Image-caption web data
╭──

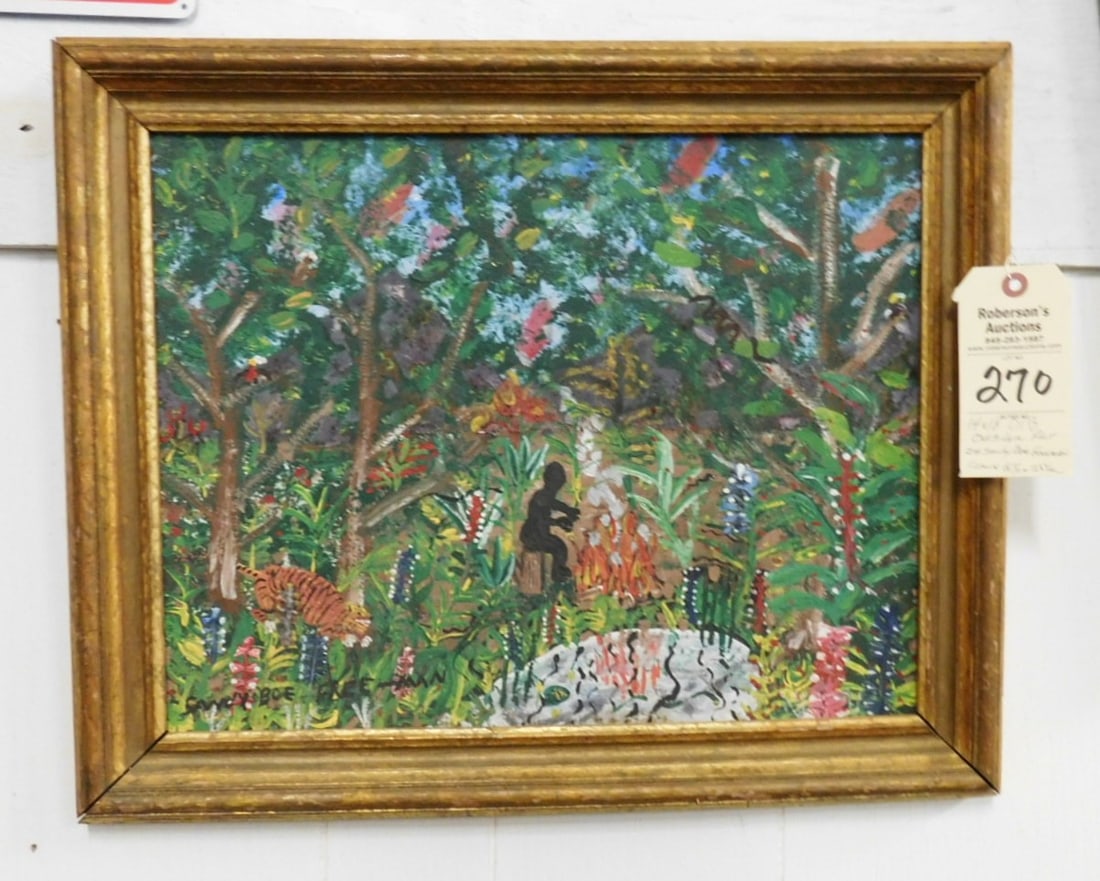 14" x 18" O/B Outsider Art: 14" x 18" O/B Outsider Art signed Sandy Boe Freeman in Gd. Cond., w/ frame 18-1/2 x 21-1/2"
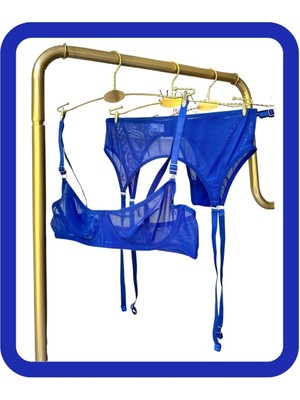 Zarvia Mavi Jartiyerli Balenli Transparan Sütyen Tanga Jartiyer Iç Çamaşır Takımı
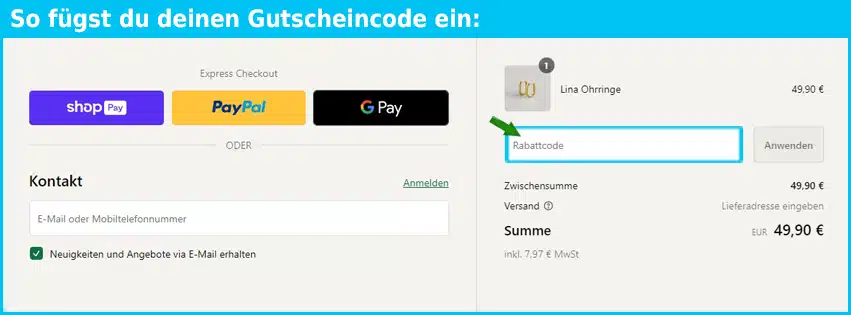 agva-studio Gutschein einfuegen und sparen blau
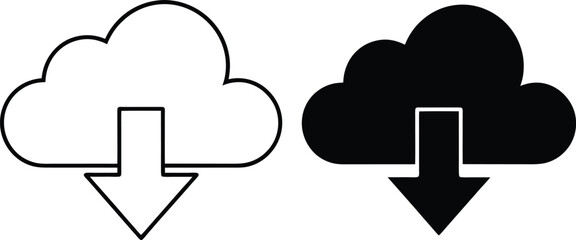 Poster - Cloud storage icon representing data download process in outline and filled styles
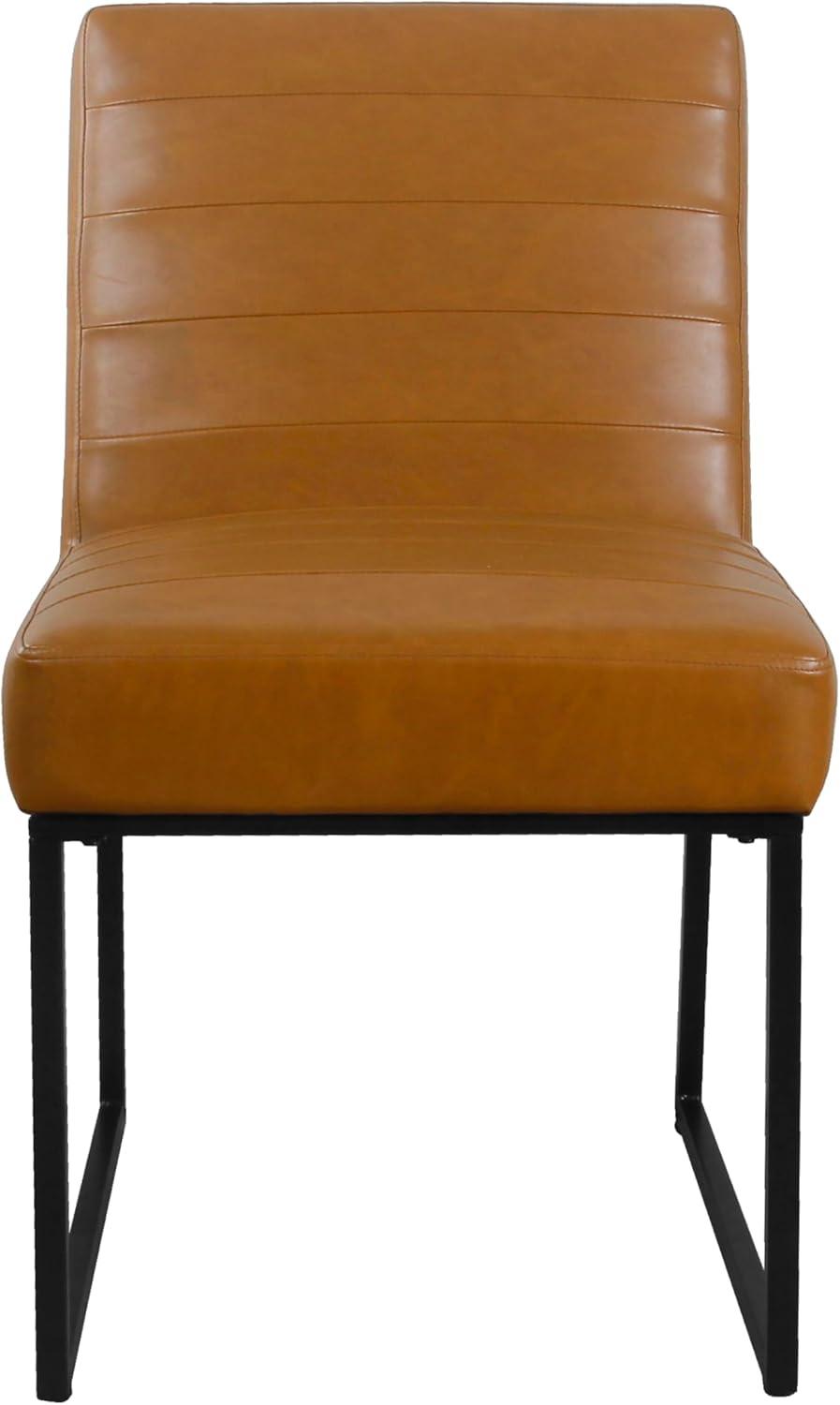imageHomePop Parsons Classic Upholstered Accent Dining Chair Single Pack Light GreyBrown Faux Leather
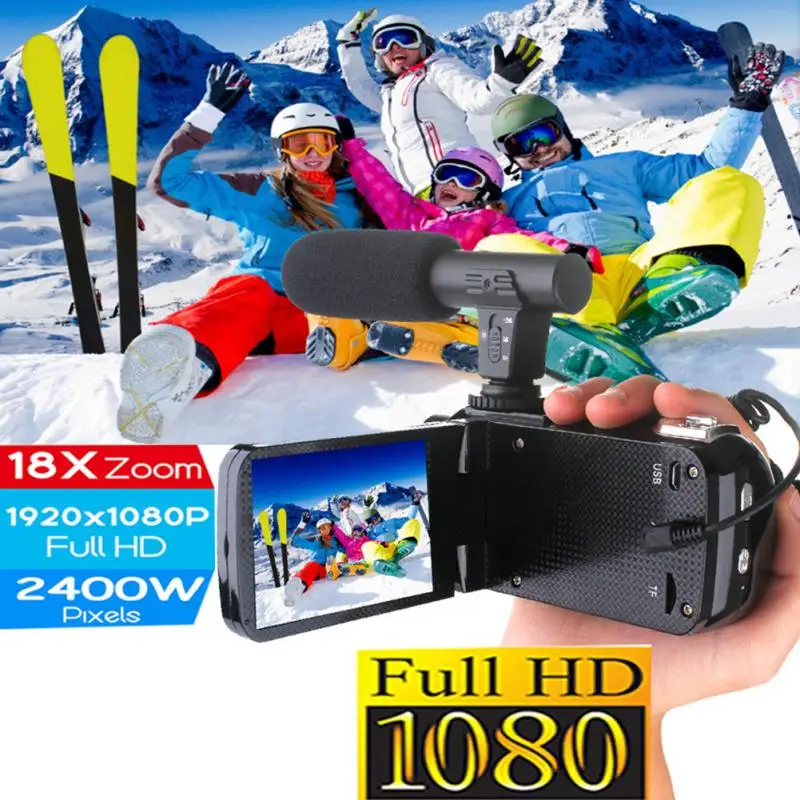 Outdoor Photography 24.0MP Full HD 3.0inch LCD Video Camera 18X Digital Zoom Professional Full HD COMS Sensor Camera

╰──

Instructions to follow:
From the first line to the last, please copy the data exactly, with the pictures left out.

Expected answer:
 14" x 18" O/B Outsider Art: 14" x 18" O/B Outsider Art signed Sandy Boe Freeman in Gd. Cond., w/ frame 18-1/2 x 21-1/2"
 Zarvia Mavi Jartiyerli Balenli Transparan Sütyen Tanga Jartiyer Iç Çamaşır Takımı
 agva-studio Gutschein einfuegen und sparen blau
 Poster - Cloud storage icon representing data download process in outline and filled styles
imageHomePop Parsons Classic Upholstered Accent Dining Chair Single Pack Light GreyBrown Faux Leather
 Outdoor Photography 24.0MP Full HD 3.0inch LCD Video Camera 18X Digital Zoom Professional Full HD COMS Sensor Camera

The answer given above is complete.